■ Data extract
== Segment start ==

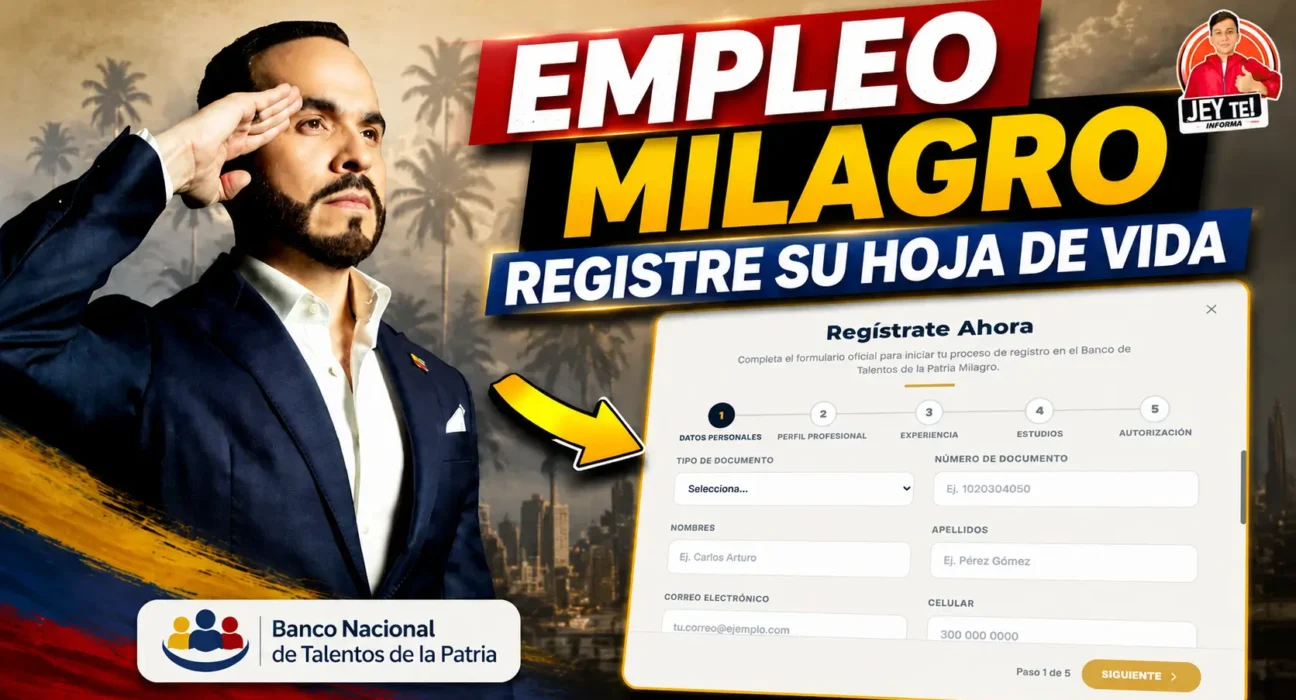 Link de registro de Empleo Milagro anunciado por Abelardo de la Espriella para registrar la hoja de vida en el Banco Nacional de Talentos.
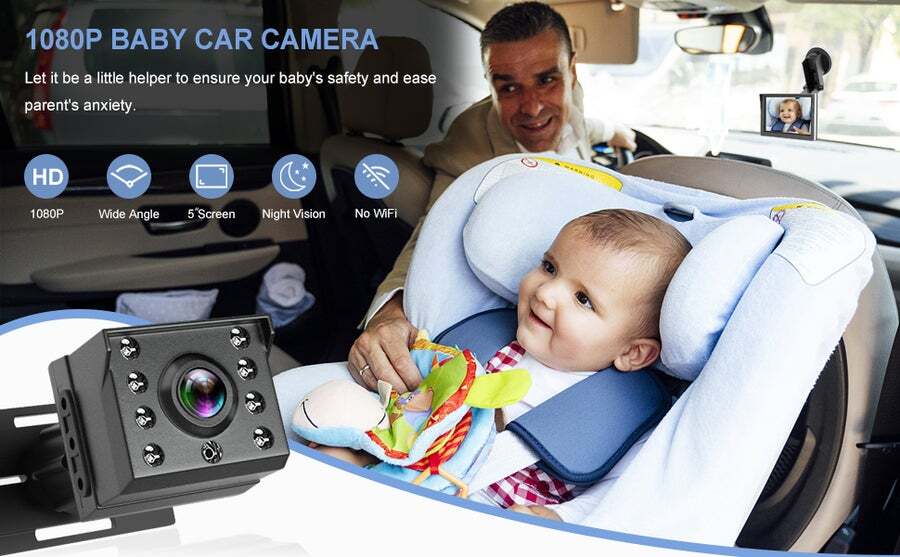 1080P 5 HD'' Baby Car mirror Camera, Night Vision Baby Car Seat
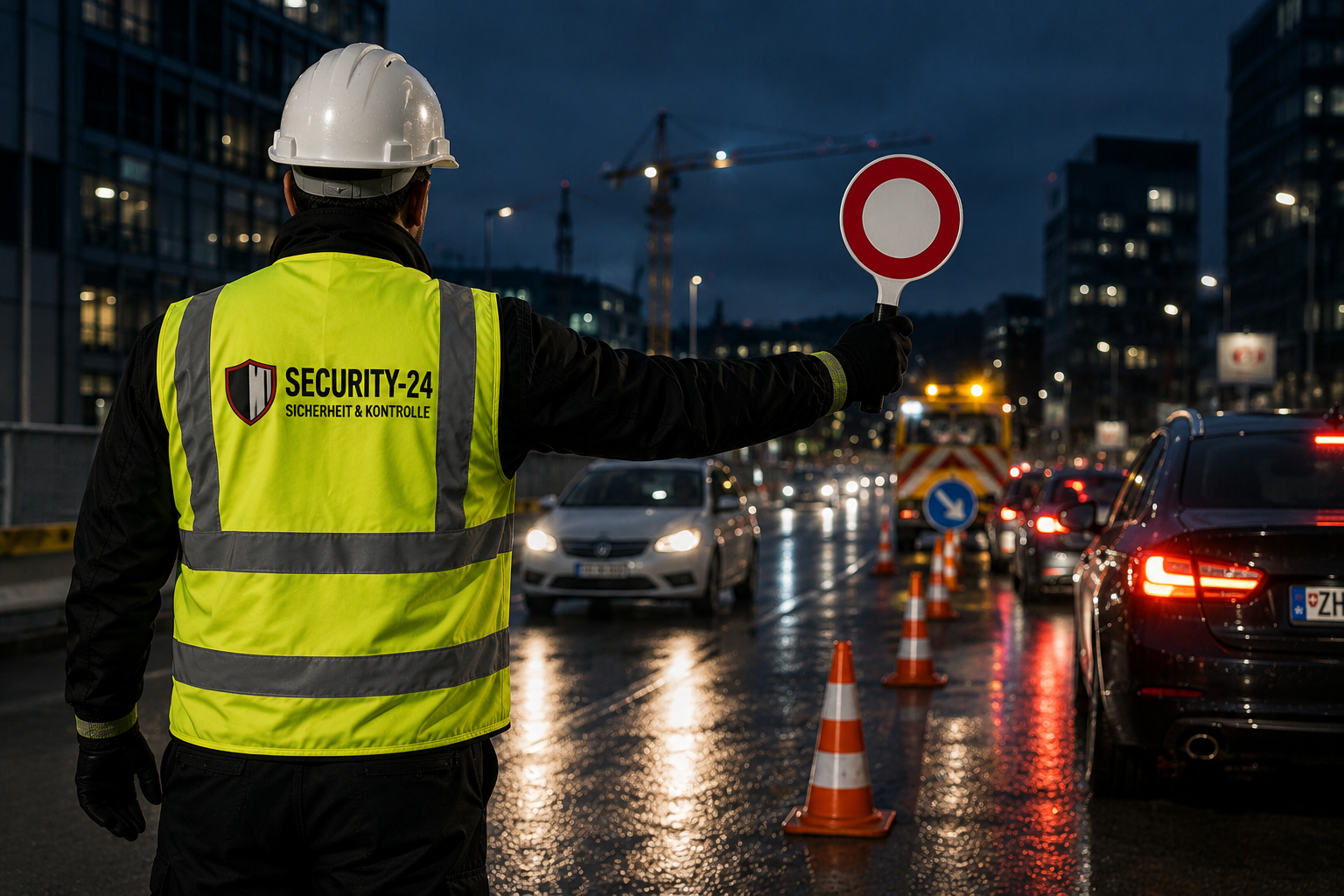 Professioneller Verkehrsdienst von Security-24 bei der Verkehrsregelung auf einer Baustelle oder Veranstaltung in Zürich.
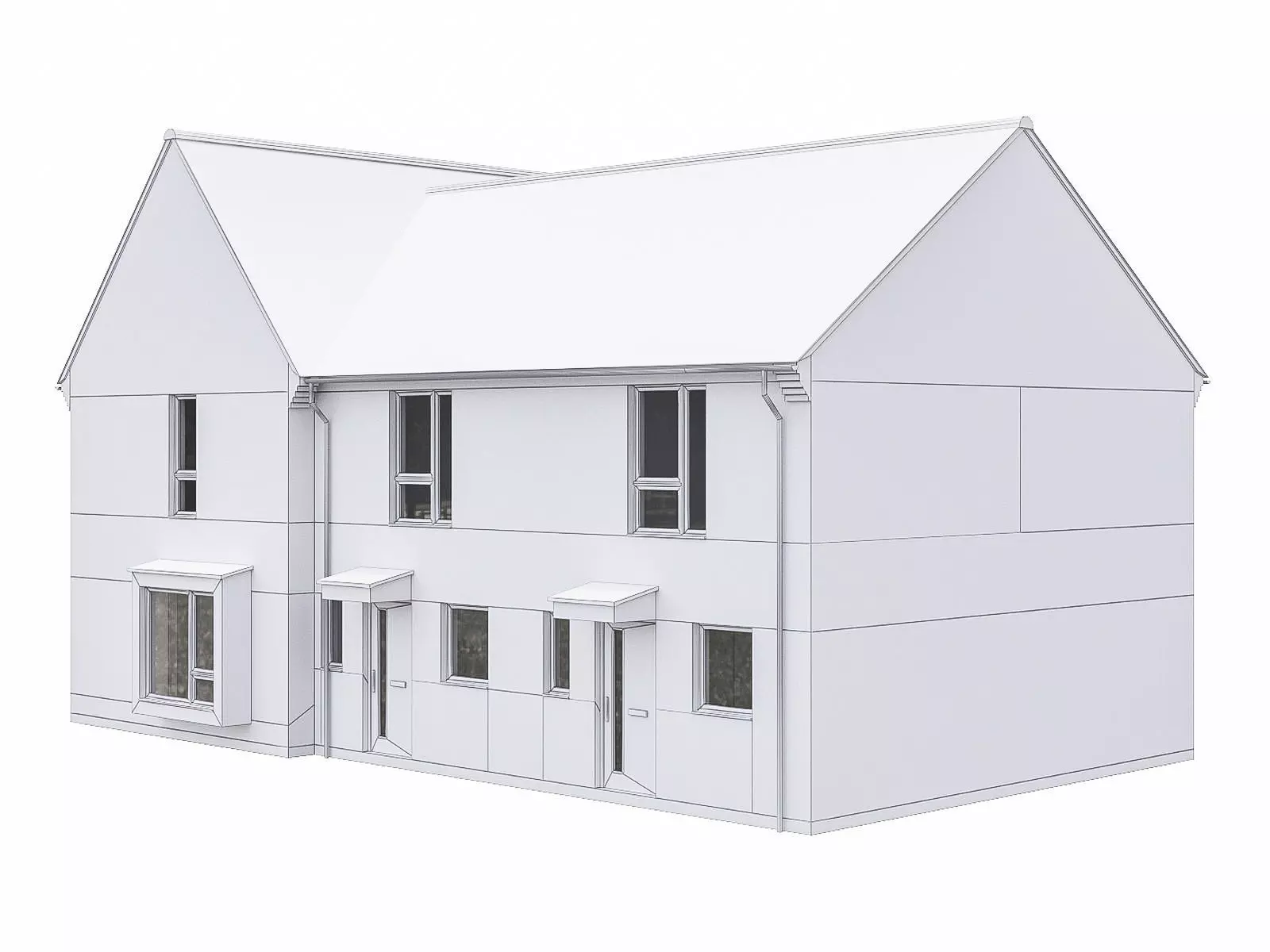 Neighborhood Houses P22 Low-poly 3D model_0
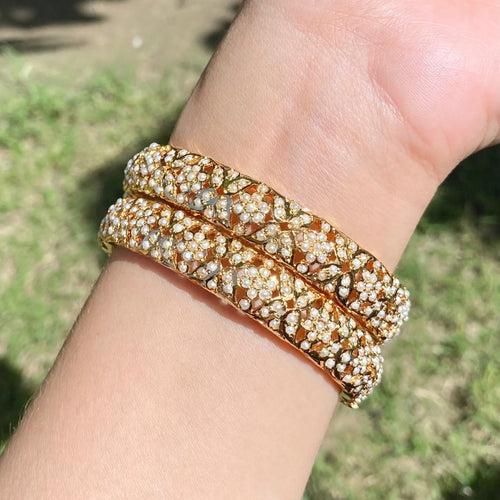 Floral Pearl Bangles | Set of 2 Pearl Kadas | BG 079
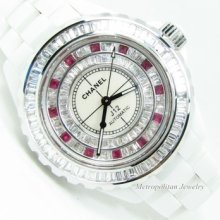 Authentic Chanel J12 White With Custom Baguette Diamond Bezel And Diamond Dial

== Segment end ==
== Segment start ==

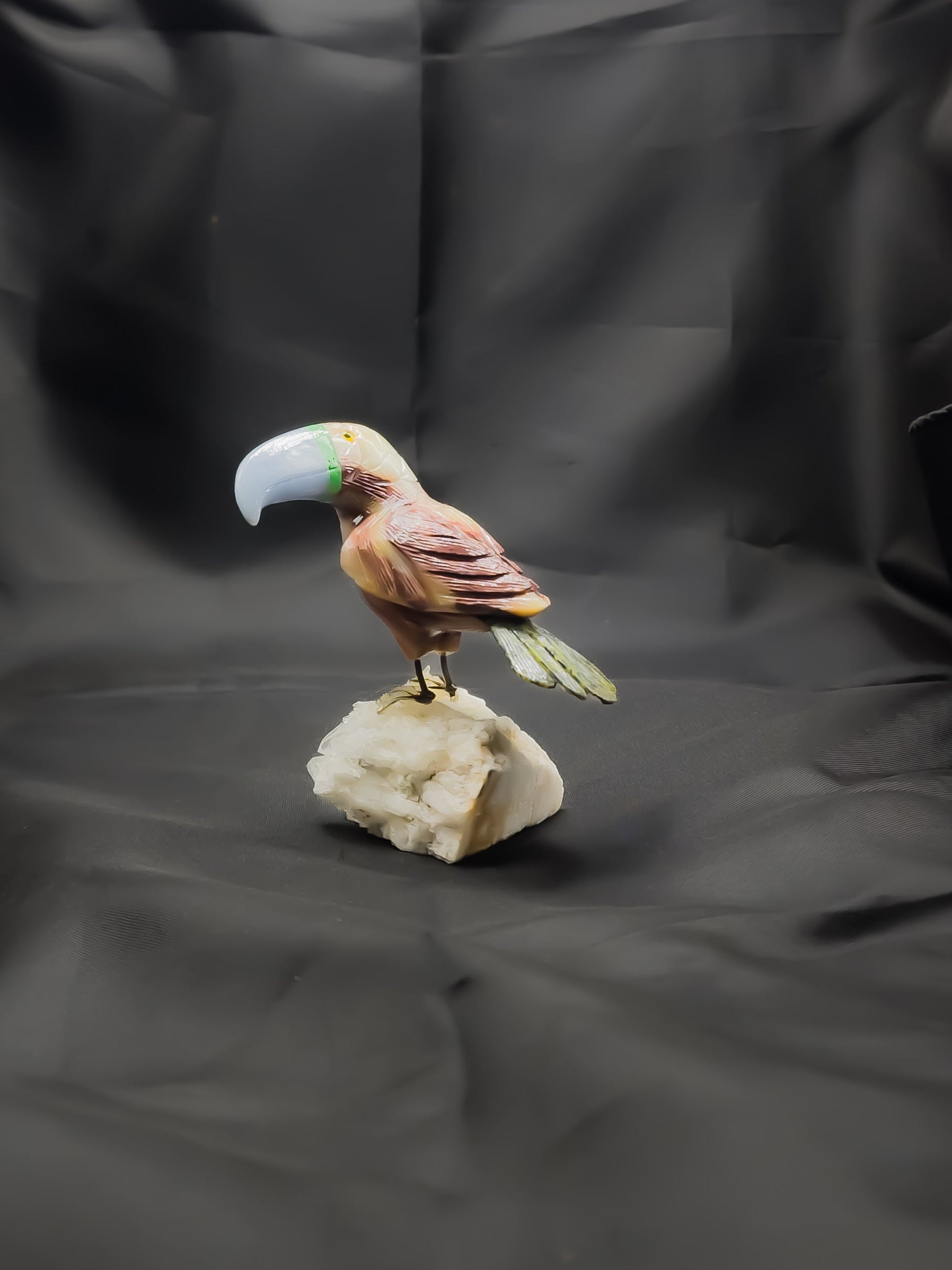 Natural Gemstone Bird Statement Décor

== Segment end ==
== Segment start ==

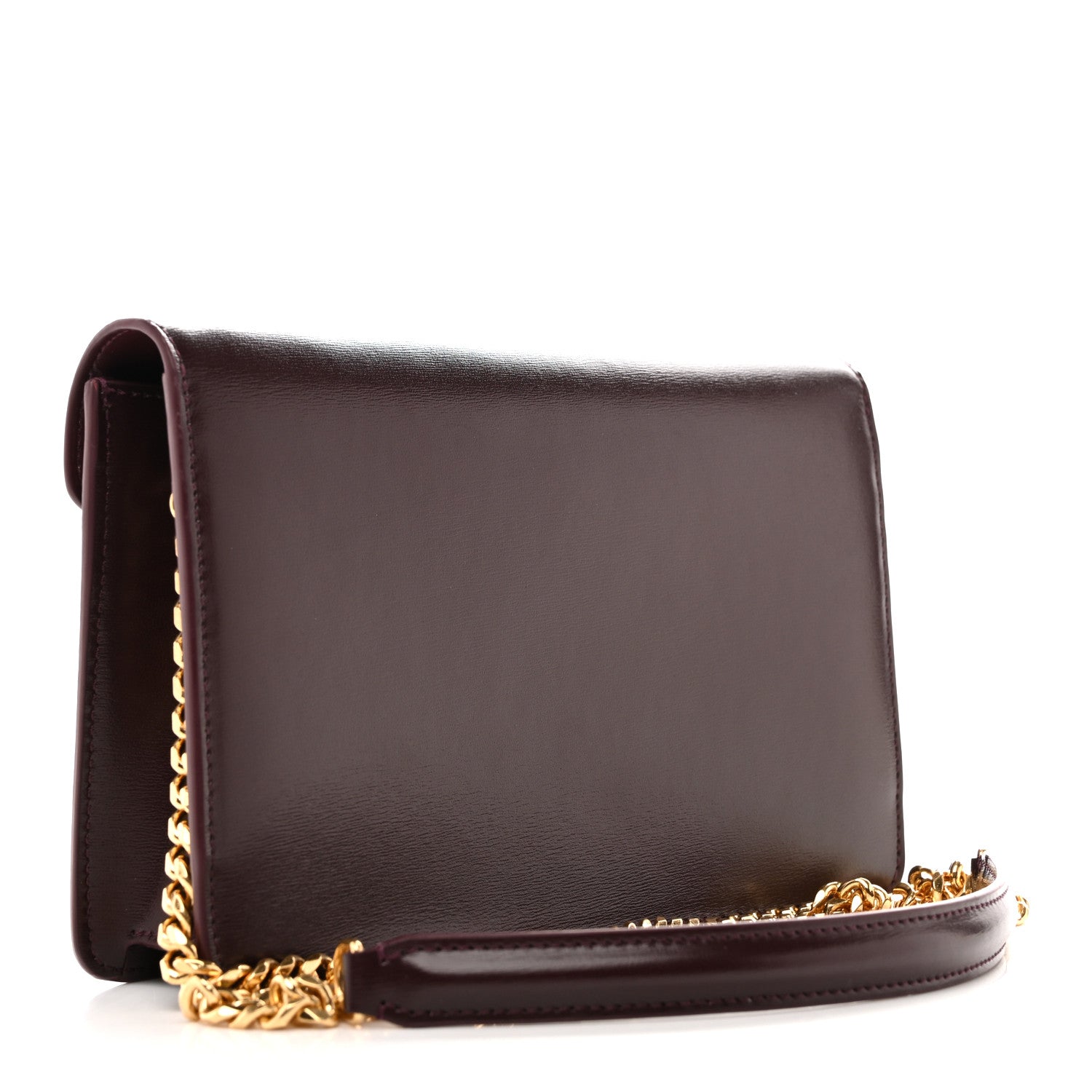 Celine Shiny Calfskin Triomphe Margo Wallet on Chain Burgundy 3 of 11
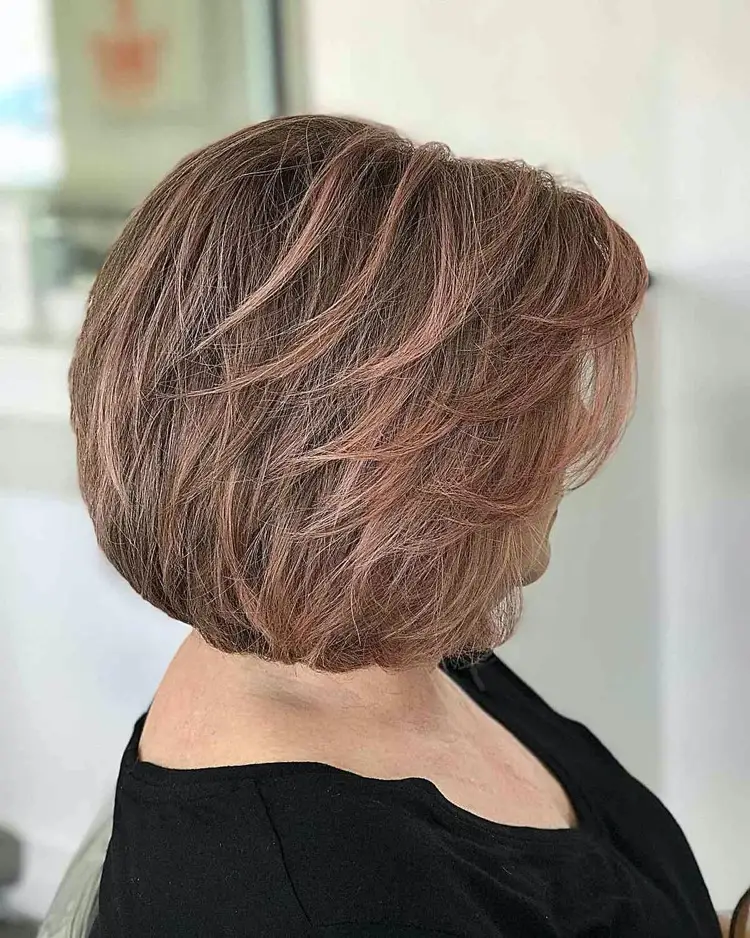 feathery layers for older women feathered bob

== Segment end ==

■ Required work
Only one stretch of the listing is wanted: the lines starting at the one with "Link de registro" and ending at the one with "1080P 5 HD''", copied exactly and free of pictures.

■ Output of the task
 Link de registro de Empleo Milagro anunciado por Abelardo de la Espriella para registrar la hoja de vida en el Banco Nacional de Talentos.
 1080P 5 HD'' Baby Car mirror Camera, Night Vision Baby Car Seat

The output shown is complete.